Introduction to Angular concepts Part 2
A template combines HTML with Angular markup that can modify HTML elements before they are displayed.
Template directives provide program logic.
Binding markup connects your application data and the DOM.
There are two types of data binding:
1. Event Binding
2. Property Binding
Event binding lets your app respond to user input in the target environment by updating your application data.
Property binding lets you interpolate values that are computed from your application data into the HTML.
Angular evaluates the directives before a view is displayed.
It resolves the binding syntax in the template to modify the HTML elements and the DOM, according to your program data and logic.

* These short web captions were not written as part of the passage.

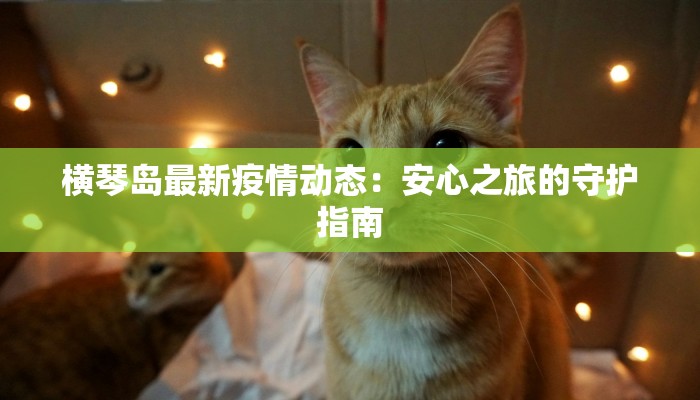 横琴岛最新疫情动态：安心之旅的守护指南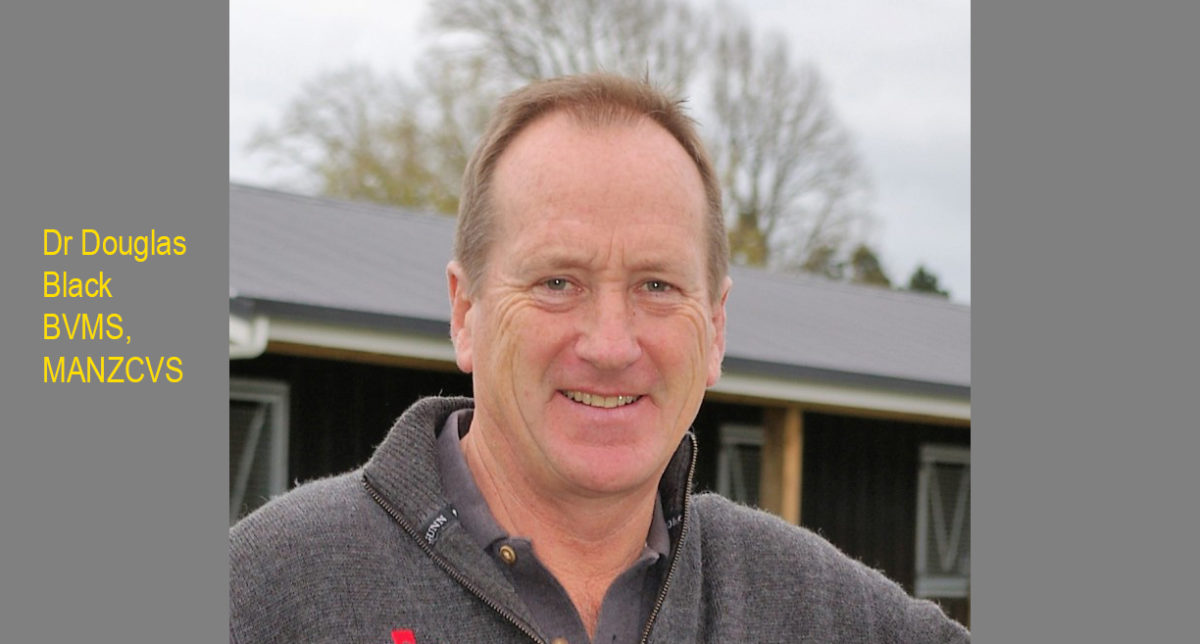 Q&A with top racehorse veterinarian Douglas Black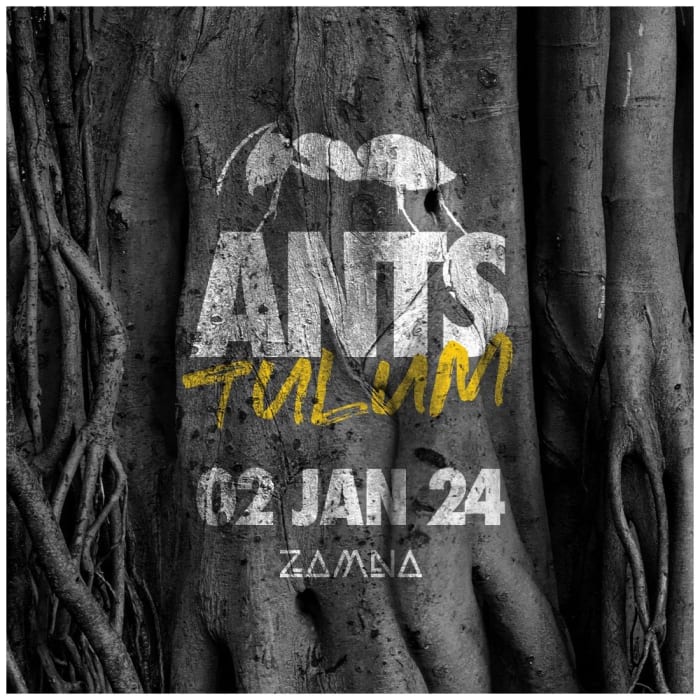 The Ultimate Guide To The 2024 Zamna Festival In Tulum EDM Com The   Ants Tulum 2024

Angular supports two-way data binding, meaning that changes in the DOM, such as user choices, are also reflected in your program data.
Your templates can use pipes to improve the user experience by transforming values for display.

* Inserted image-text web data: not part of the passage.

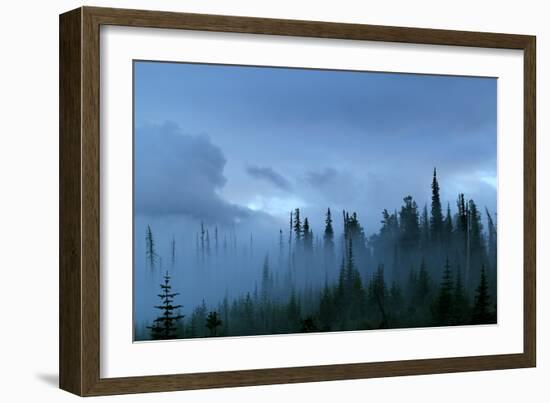 A Pacific Northwest Forest Just After A Storm In Fog-Hannah Dewey-Framed Photographic Print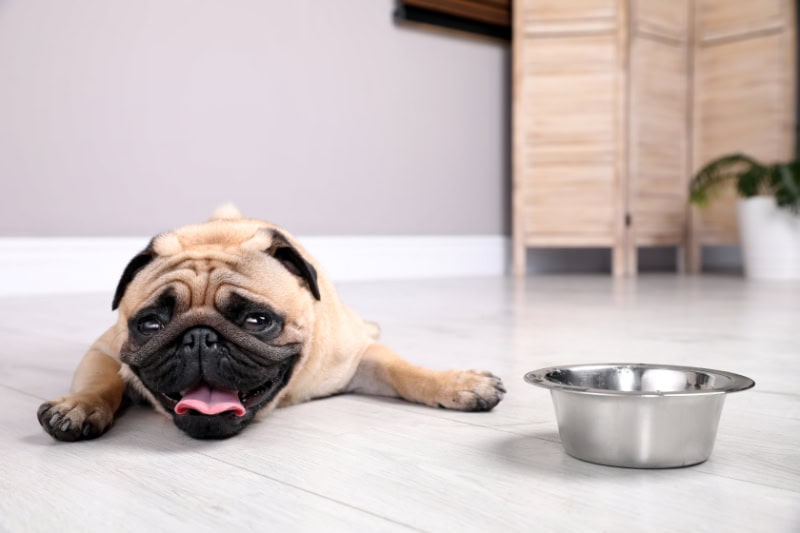 A dog lying down on the cool floor.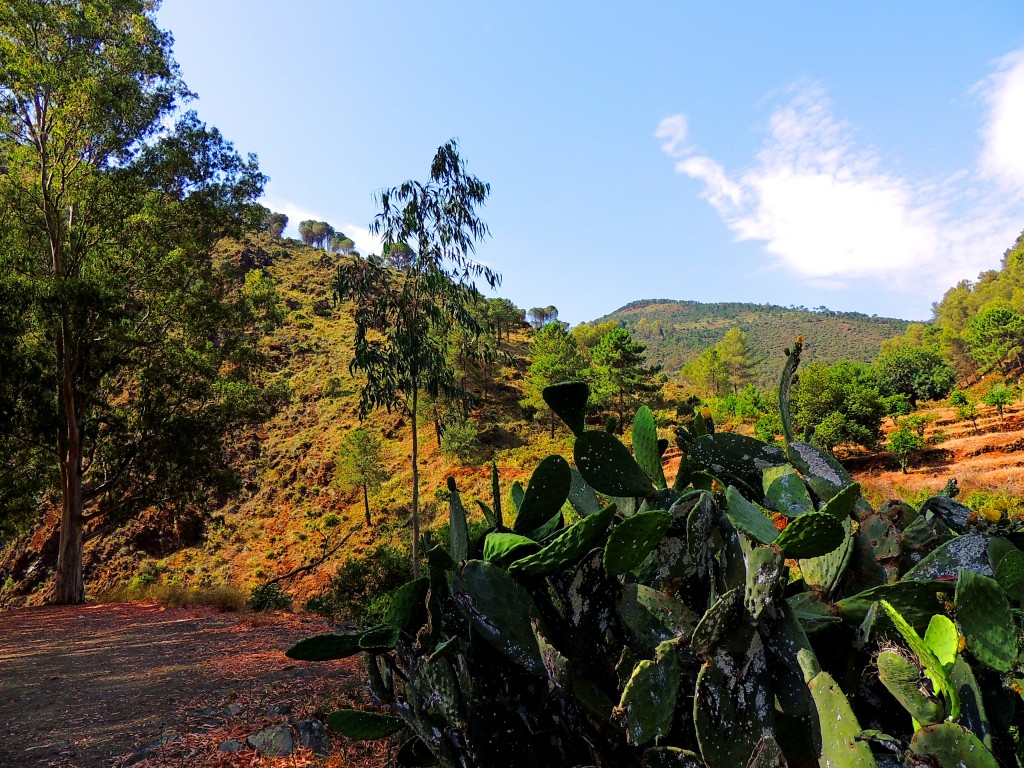 Foto de Tolox (Málaga), España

For example, use pipes to display dates and currency values that are appropriate for a user’s locale.
Angular provides predefined pipes for common transformations, and you can also define your own pipes.

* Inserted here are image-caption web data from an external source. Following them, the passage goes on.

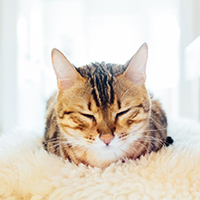 显卡风扇怎么加润滑油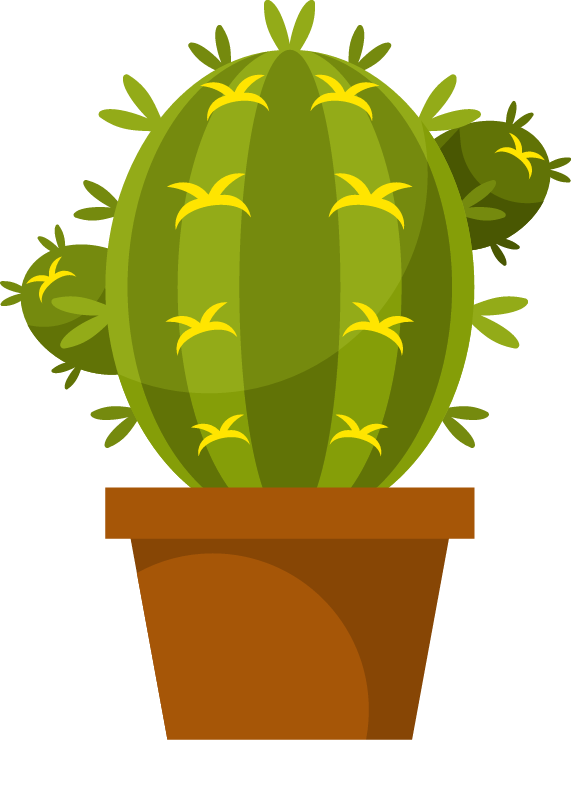 Cactus with Blooming Flower in Pot
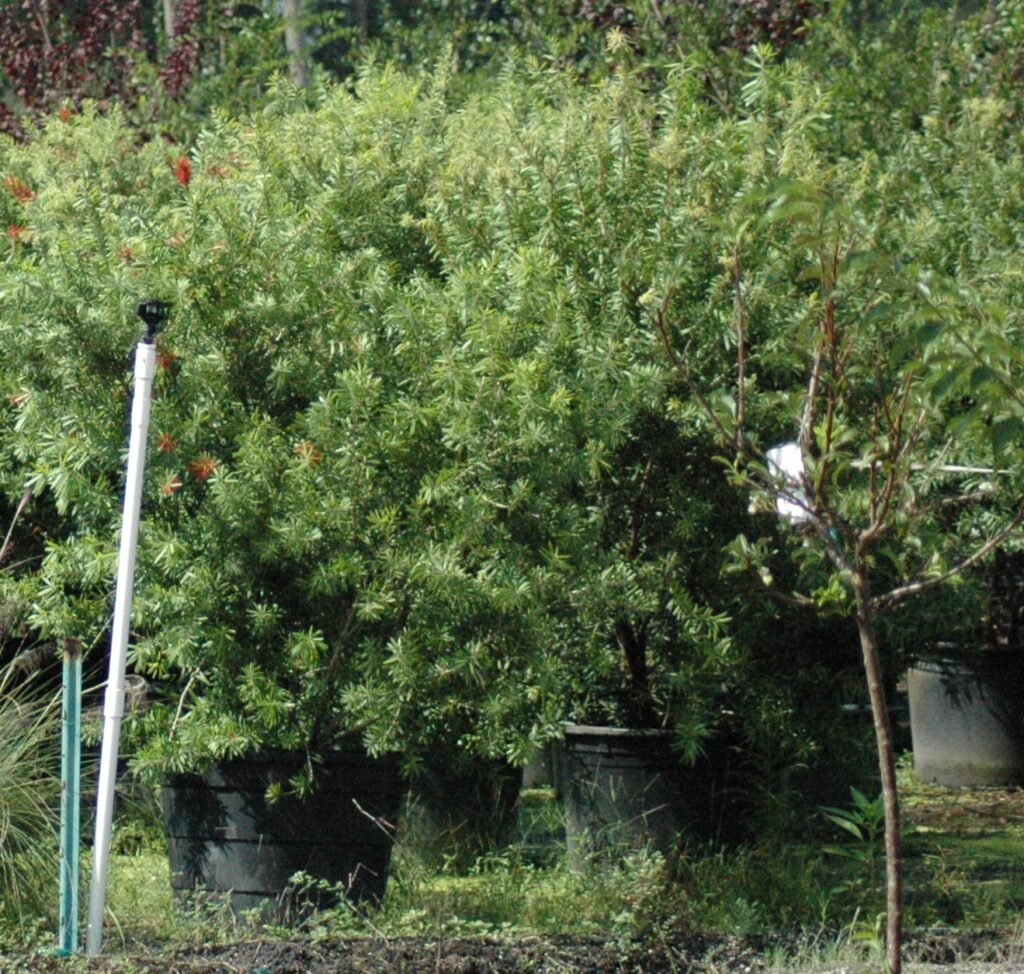 Bottlebrush trees in 30 gallon containers 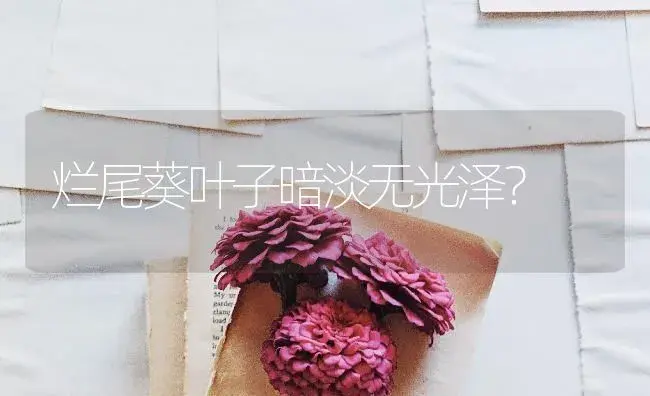 烂尾葵叶子暗淡无光泽？ | 植物问答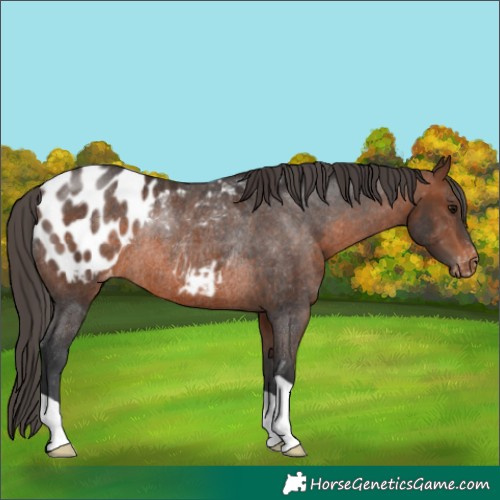 Horse Color:Brown Appaloosa Rabicano 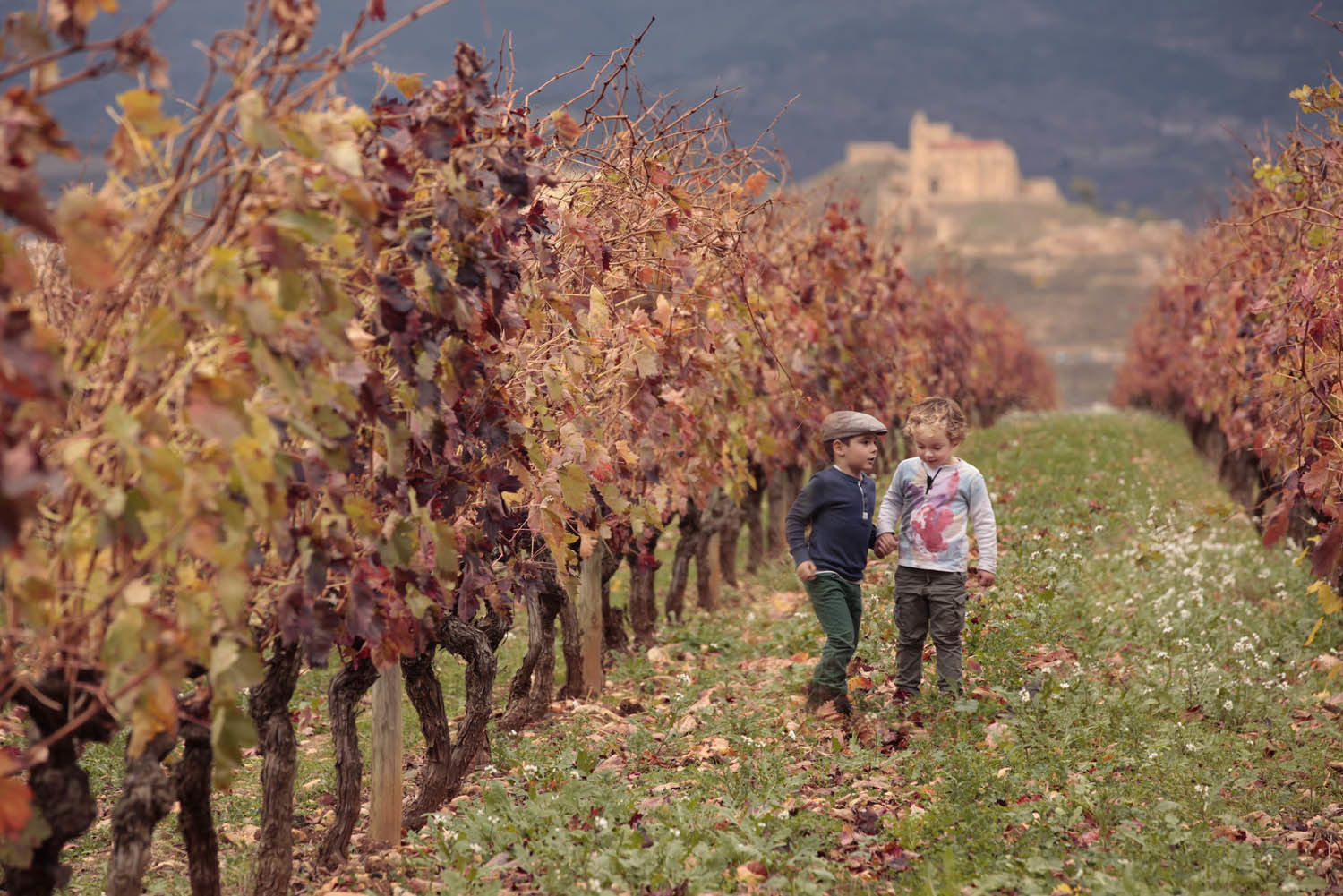 Dos niños recorren un viñedo.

You create a service class for the data or logic that isn’t associated with a specific view, and that you want to share across components.
A service class definition is immediately preceded by the @Injectable() decorator.
The decorator provides the metadata that allows other providers to be injected as dependencies into your class.
Dependency injection (DI) lets you keep your component classes lean and efficient by delegating tasks to services.
They don’t fetch data from the server, validate user input, or log directly to the console.
They delegate such tasks to services.